Note: Part (a) asks you to prove the very fun and interesting fact that $\sqrt{2}+\sqrt{3}$ is an algebraic number. More generally, the algebraic numbers are closed under addition and, in fact, form a field.
We did part $\texttt{(a)}$ in Abstract Algebra. I show it here for everyone. Note for $\sqrt{2}$, the polynomial $p(x)=x^2-2$ works and for $\sqrt[3]{2}$, the polynomial $p(x)=x^3-2$ works. The interesting one is $\sqrt{2}+\sqrt{3}$. Let $x=\sqrt{3} + \sqrt{2}$. We do some algebra and get $x^2=2+2\sqrt{6}+3\implies x^2-5=2\sqrt{6}$. Squaring both sides again we get $x^4-10x^2+25=24\implies x^4-10x^2+1=0$. Therefore our polynomial is $p(x)=x^4-10x^2+1$. You can plug $\sqrt{2}+\sqrt{3}$ in for $x$ and see it works.
Very nice!!!!!!!!!!!!!
I'm not really going to prove this, but I can give an intuitive idea.

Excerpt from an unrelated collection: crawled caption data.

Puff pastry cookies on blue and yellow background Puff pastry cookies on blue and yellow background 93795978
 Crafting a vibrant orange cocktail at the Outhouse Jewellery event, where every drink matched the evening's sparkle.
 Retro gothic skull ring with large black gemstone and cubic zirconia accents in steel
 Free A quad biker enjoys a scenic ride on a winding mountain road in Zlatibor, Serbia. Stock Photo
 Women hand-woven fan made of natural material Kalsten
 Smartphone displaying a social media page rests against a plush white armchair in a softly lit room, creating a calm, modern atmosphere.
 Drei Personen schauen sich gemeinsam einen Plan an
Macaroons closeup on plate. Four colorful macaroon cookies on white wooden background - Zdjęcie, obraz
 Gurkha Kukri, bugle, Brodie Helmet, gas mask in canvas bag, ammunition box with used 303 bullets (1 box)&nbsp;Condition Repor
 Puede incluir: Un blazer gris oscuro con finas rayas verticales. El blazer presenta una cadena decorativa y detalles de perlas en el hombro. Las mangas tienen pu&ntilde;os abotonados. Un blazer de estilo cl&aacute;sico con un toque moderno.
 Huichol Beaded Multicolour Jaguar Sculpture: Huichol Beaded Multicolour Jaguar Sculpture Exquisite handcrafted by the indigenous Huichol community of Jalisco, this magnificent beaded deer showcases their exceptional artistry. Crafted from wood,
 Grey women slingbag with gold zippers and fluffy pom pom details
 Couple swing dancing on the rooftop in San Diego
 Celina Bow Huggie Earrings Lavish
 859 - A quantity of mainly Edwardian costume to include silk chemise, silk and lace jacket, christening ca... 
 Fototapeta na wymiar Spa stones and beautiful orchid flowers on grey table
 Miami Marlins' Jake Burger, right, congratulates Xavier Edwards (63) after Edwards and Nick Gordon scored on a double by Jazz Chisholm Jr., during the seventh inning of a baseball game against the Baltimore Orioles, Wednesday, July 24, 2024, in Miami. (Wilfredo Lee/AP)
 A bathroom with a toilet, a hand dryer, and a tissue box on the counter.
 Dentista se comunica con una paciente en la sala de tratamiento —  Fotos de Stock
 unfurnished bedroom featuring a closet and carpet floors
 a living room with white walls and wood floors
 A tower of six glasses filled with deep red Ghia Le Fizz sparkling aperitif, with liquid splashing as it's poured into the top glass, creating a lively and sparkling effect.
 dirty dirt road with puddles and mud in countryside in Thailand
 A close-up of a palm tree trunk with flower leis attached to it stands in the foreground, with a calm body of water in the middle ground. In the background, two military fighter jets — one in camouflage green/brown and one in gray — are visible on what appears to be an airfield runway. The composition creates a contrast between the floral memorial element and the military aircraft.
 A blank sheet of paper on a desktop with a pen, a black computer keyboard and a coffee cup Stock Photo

Def: A number $x\in\mathbb{R}$ is algebraic if there exists $a_0,a_1,\dots ,a_n\in \mathbb{Z}$ such that $$f(x)=a_nx^n+a_{n-1}x^{n-1}+\dots +a_1x+a_0=0$$
We want to prove the set of algebraic numbers is countable. Note that Exercise 1.4.10 asks us to do basically the same thing, the only difference in this case is we look at something closer to tuples than sets because values can be repeated for $a_i$ and order matters. Also, we do it over the integers instead of the natural numbers which makes the orderings a little bit harder. However, I think it is quite clear that this set requires a very similar proof to Exercise 1.4.10 because the polynomials are finite.